Queen Mary was the first accredited university in the UK in 2006 to pay a real Living Wage, and is also a founding partner of the Living Wage Foundation, which was established in 2011 to recognise the leadership of employers who choose to pay a real Living Wage based on the cost of living, not just the government minimum. Read on to hear from Khalid Rouas from our Estates and Facilities team about his lived experience of the Living Wage.
6 November 2018
It's Living Wage Week, and on Monday the Mayor of London, Sadiq Khan, announced the new Living Wage rates including the London Living Wage at £10.55 per hour and £9 for the rest of the UK. The real Living Wage is an hourly rate independently calculated on the basis of what it costs to live and support a family. Speaking at the Living Wage Week launch in London, Sadiq Khan said: “Nearly a fifth of all jobs in London pay less than the Living Wage. Nobody who goes out to work every day should have to live in poverty. We can, and must, do better.”
In addition to adopting the Living Wage in 2006, Queen Mary also introduced new working conditions for staff. By January 2008, every staff member at the university – regardless of rank or role – received a basic minimum package of 30 days’ annual leave, access to sick pay, an annually negotiated pay increase and an employer-contribution pension scheme.
“Prior to the Living Wage being introduced, I found it very hard to make ends meet for myself and my family. It was often hard to find money to pay the rent. Having a full time job, but earning little, meant that I would not be able to access certain benefits, so providing for my family was very difficult, especially with a wife and two children.
“Feeding my family properly and paying the bills was very difficult.

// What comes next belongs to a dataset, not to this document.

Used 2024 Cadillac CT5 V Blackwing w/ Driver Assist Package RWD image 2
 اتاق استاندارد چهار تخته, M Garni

I would have to work a lot of overtime to try to ensure I could buy proper clothes for my children. Working so many hours meant I would not see very much of my family which hurt me, especially with the children growing up.
“All of these problems left me anxious and worried about how I would support my family, especially if emergencies came up.
"Earning the London Living Wage has helped me considerably. I can now afford to support my family properly and am not constantly anxious about where the rent money, bills or clothes for my children will come from.
“I do not have to work seven days a week just to ensure that my family are provided for. This means that I can spend more time with my family, help with my children’s education, and be a better father and husband.
“I am very grateful to the London Living Wage organisation and Queen Mary for the London Living Wage which has had such a big effect on myself, my family, and so many other families where the Living Wage is being paid. Without this, I would not be able to stand here today, happy and proud of what I do.”
“We are extremely proud Queen Mary was the first accredited university in the UK to pay a real Living Wage. Listening to Khalid’s story shows the life-changing impact the Living Wage can have on people, their families and their communities. We hope that by paying our staff fairly we are setting an example that will help the campaign as it grows into a national movement.”
Last year, we celebrated Living Wage Week by sharing stories from three Queen Mary students who had part-time jobs at our university. Find out what being paid the London Living Wage meant to them, and the impact it’s had on their lives here.
Working in partnership with groups such as Citizens UK, research from Queen Mary supports the campaign for a Living Wage, engaging with policy makers to improve lives. The Living Wage aims to have an impact on high rates of ‘in-work poverty’ that affects millions of households in the UK by introducing a higher minimum pay threshold based on the amount an individual needs to earn to cover the basic costs of living.
As a principal partner of the Living Wage Foundation, a Citizens UK initiative, research from Queen Mary’s School of Geography has provided evidence to support the campaign for employers to adopt the living wage.